On Good Friday we know where to look. We look to the cross and we see ourselves - our character - and we see love—God’s love. On Good Friday we act in character and so does God. And, by the end of Good Friday, it is only that love that is left. The cross comes down, the crowd drifts away, the body is sealed in a tomb, only the love with which Christ loved us and the love with which his followers loved him remains. Love in loss, love in absence, that is how that day ends.
It is that same love that brings Mary Magdalene into the garden on Easter morning - love in absence. Remember, she expected to stand staring at stone. But that is not what she sees, the stone is rolled away, the tomb is empty. Yet still she sees only absence—an empty tomb before her. She rushes off to tell Peter and John. And that is the first news of Easter, that the tomb is empty. It is absence she must describe. It begins with absence and with emptiness. He died, he was dead. That is part of what we say on Easter day.
So, we know where to look on Good Friday, but where do we look at Easter? Well, taking stock of absence is part of it. It begins in absence. The painters of resurrection knew that. Some of them painted pictures of Christ stepping out of the tomb. They gave him a banner and had him ‘step up’, centre stage, victorious. It’s not described in any gospel. Look closely at the pictures and you will see the guards are asleep. It’s a picture of the thing precisely not seen. And, in another tradition the picture is of Christ stepping delicately away from Mary Magdalene, out of reach, apart… untouchable. Christ evading or eye and our reach.
Where should we look? Not at the moment of resurrection for that was never seen, nor at a Christ we can grasp and hold—he steps so gently aside. This morning’s gospel brings us to the very edge of the map, to the point where the colouring-in has ended, where the footpath peters out. Here we are at the edge of understanding. Artists hint at that. We see a slightly less than famous English painter called Leslie Worth gave us a water colour, a garden, an English garden perhaps, in early morning light. There’s a lawn before us, trees and buildings ahead. The sun is low and in our eyes; there is a little early mist; it is hard to see, it is deep shadows and dazzling light. And yet, and yet on the far side of the lawn there might be a figure, no it is two figures, one standing, one kneeling. Could that be Christ, is it perhaps Mary Magdalene? I could not say, so hard to be sure. Is that a resurrection? Perhaps it is.

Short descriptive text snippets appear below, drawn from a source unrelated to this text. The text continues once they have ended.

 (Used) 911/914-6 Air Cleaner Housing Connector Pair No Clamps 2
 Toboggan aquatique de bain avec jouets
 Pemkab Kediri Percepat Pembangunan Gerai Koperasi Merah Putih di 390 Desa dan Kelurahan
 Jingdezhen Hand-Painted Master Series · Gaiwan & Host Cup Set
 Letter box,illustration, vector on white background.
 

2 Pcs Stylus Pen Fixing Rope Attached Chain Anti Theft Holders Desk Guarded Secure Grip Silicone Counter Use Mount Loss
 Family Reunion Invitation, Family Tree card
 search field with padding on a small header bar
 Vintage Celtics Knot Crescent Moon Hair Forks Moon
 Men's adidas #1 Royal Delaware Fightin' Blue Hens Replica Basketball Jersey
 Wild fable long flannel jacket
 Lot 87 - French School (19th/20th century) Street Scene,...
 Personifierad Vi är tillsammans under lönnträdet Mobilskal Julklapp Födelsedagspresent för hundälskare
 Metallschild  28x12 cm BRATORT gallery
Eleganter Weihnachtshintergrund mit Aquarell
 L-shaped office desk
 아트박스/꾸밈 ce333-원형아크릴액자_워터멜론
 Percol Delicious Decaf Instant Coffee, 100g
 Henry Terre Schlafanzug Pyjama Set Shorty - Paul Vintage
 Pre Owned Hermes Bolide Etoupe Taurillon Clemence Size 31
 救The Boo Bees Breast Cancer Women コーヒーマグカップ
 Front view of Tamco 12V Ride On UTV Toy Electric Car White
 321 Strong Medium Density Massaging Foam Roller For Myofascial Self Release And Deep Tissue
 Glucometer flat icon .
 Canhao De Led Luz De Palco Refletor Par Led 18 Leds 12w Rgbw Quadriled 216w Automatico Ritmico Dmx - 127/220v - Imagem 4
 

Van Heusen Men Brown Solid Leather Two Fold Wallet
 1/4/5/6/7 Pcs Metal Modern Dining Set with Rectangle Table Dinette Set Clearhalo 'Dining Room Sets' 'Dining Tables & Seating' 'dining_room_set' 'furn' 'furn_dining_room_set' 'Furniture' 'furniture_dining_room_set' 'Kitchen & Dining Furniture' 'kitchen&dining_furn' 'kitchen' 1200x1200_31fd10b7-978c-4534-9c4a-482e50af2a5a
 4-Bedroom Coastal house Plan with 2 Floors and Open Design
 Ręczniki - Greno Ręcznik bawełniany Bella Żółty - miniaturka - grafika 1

IIs that what we look for this morning? A truth just glimpsed, the scene in the corner of the eye, the hint, the shadow of a thing? Is that the difference between Good Friday and Easter Day, the difference between wood, bone, and nail on the one hand and the light and shadow on the other?
No, the diffidence of artists is impressive, but it is less than Easter is. This day is not a celebration of a mystery merely glimpsed. We may begin in absence and in emptiness, but we do not finish there. Our faith does not turn on real presence on Good Friday and real absence at Easter. We do not pin our faith on hints and allegations. If Good Friday is death and love. Easter is love and life. Easter is presence. He rose. He was there. In the garden that morning Mary Magdalene met the risen Christ. We must not miss the great triumphant cry at the close of the gospel—‘I have seen the Lord’. And that is what we too must see.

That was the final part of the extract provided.